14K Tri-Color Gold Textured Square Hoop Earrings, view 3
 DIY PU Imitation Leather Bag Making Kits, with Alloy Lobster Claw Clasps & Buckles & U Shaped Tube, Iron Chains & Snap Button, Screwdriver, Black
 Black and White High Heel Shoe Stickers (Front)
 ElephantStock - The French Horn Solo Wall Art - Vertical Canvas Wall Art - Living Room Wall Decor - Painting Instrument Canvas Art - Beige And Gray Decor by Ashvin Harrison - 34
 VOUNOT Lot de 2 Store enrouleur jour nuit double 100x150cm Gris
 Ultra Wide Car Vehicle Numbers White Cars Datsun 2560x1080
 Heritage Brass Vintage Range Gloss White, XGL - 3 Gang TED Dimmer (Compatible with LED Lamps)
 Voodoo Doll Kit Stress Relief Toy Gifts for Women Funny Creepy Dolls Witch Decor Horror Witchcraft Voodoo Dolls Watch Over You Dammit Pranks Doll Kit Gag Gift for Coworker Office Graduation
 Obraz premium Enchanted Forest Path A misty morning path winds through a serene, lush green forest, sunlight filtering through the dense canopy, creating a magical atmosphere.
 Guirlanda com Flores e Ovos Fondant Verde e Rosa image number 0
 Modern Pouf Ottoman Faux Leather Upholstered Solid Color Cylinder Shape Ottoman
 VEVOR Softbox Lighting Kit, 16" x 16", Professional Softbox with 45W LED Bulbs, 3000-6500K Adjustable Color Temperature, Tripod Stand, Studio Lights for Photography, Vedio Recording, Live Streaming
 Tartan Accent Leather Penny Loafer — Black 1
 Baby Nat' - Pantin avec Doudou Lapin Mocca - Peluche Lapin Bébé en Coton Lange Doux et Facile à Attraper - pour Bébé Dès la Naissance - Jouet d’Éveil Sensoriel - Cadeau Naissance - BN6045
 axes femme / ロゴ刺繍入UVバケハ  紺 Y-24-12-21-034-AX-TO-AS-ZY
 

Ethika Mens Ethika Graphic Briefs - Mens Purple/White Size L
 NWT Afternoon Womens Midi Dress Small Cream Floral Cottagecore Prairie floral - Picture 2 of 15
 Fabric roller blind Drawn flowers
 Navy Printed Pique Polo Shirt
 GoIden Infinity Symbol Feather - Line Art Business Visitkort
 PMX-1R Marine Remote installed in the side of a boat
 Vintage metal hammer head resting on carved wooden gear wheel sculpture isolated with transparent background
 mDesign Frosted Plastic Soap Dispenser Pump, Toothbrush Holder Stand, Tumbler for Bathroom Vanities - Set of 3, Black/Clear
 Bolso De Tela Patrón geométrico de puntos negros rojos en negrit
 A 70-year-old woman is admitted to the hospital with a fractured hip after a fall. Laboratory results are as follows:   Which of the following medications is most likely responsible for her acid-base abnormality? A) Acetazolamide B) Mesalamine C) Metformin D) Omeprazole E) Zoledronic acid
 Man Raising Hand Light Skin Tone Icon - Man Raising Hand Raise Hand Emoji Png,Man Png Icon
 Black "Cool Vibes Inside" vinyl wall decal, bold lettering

What the task asks »
The reply should consist solely of the lines above from the one that has "Obraz premium Enchanted" through the one that has "Baby Nat' - Pantin", reproduced exactly.

Solution for this task »
 Obraz premium Enchanted Forest Path A misty morning path winds through a serene, lush green forest, sunlight filtering through the dense canopy, creating a magical atmosphere.
 Guirlanda com Flores e Ovos Fondant Verde e Rosa image number 0
 Modern Pouf Ottoman Faux Leather Upholstered Solid Color Cylinder Shape Ottoman
 VEVOR Softbox Lighting Kit, 16" x 16", Professional Softbox with 45W LED Bulbs, 3000-6500K Adjustable Color Temperature, Tripod Stand, Studio Lights for Photography, Vedio Recording, Live Streaming
 Tartan Accent Leather Penny Loafer — Black 1
 Baby Nat' - Pantin avec Doudou Lapin Mocca - Peluche Lapin Bébé en Coton Lange Doux et Facile à Attraper - pour Bébé Dès la Naissance - Jouet d’Éveil Sensoriel - Cadeau Naissance - BN6045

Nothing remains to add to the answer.